Upon reaching the line that contains "Homco & More Figurines (DR-MG)" in the records below, begin repeating every line exactly through the last one, skipping pictures.

- [Source data]:
★ ★ ★ ★ ★ ★ ★

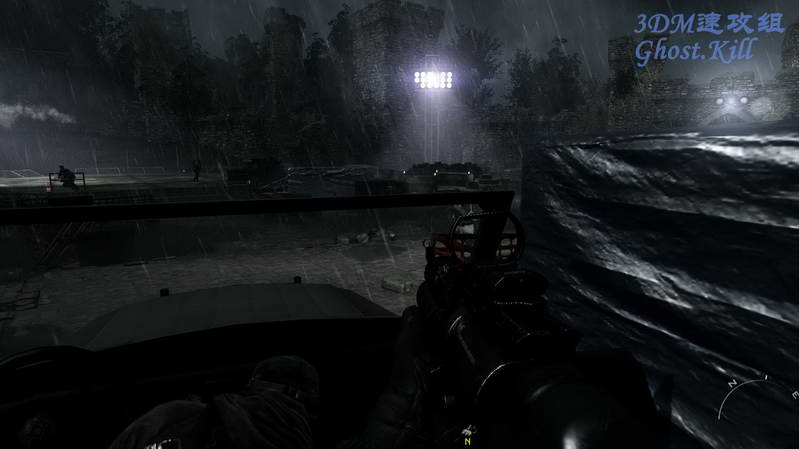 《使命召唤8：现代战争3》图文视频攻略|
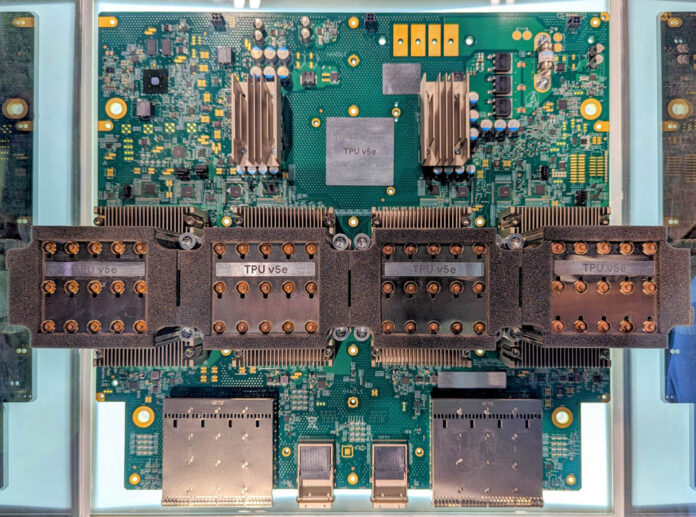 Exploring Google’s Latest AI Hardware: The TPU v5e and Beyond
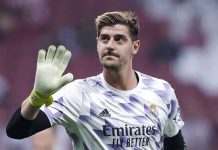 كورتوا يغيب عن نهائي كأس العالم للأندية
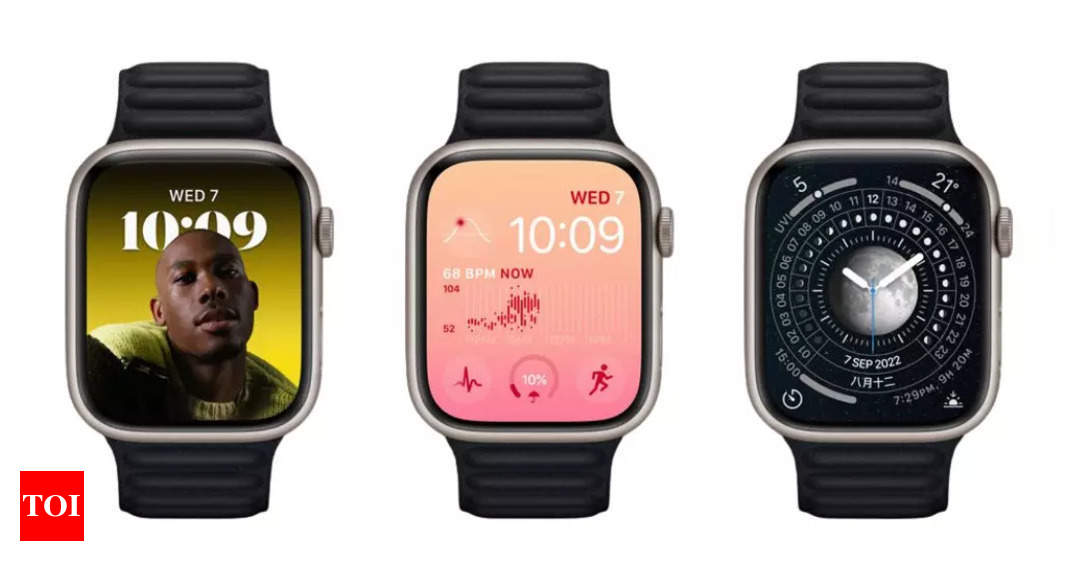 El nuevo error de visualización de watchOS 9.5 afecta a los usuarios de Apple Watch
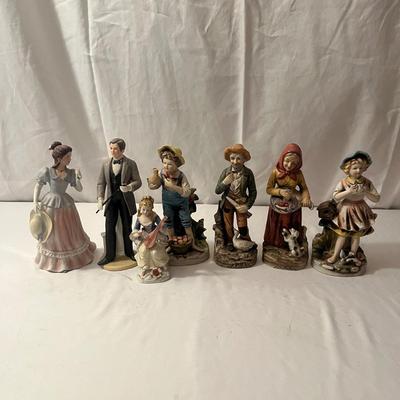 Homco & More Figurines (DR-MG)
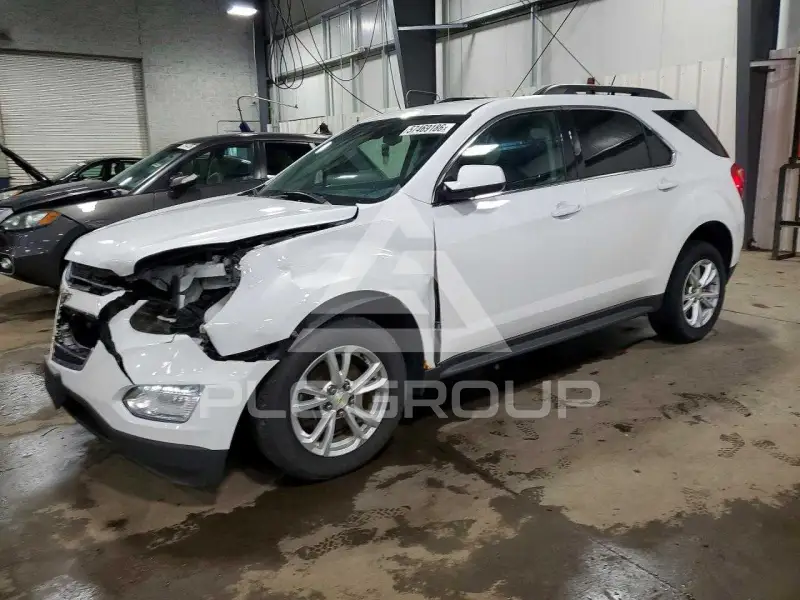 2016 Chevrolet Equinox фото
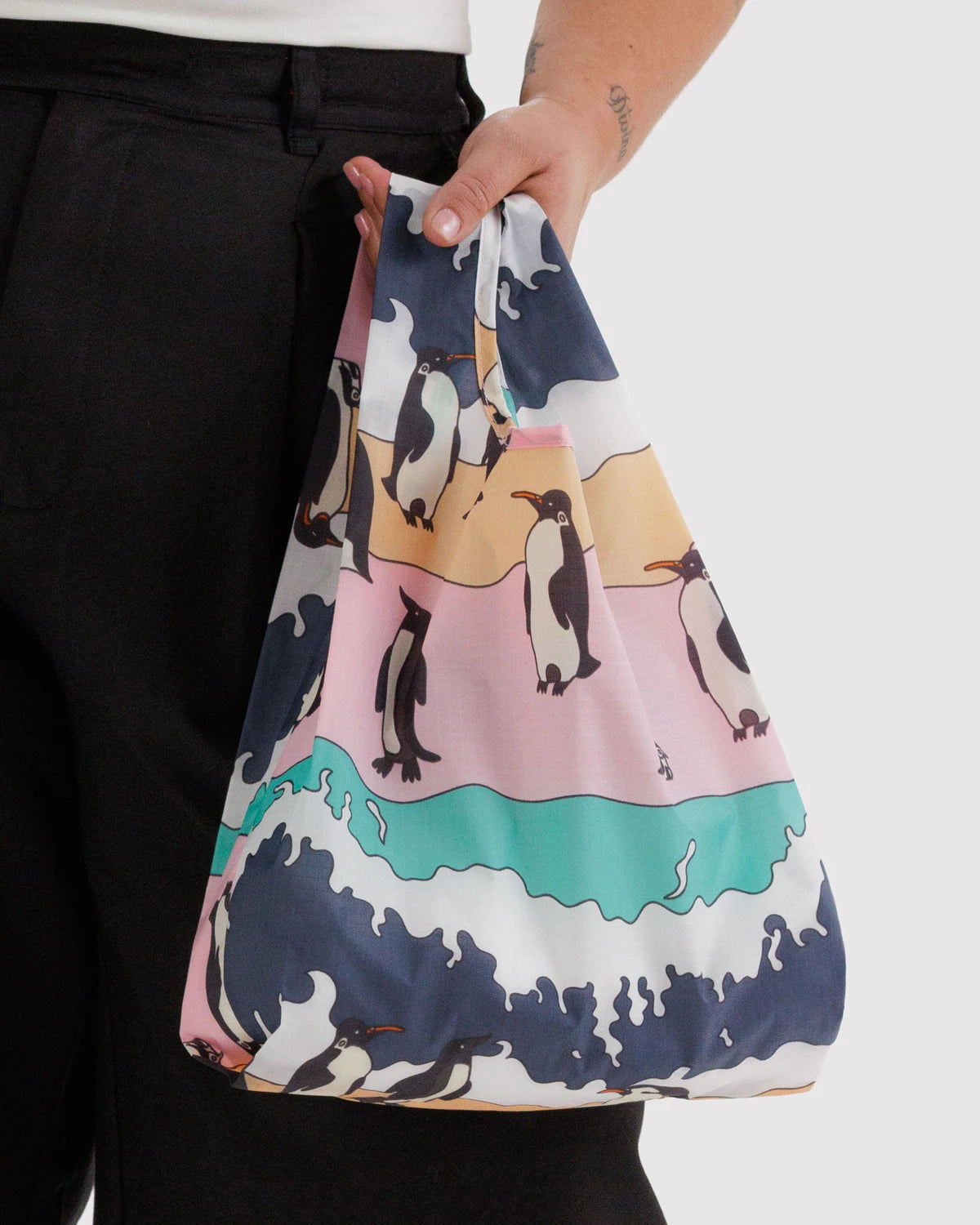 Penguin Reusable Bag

★ ★ ★ ★ ★ ★ ★

- [Output of the exercise]:
 Homco & More Figurines (DR-MG)
 2016 Chevrolet Equinox фото
 Penguin Reusable Bag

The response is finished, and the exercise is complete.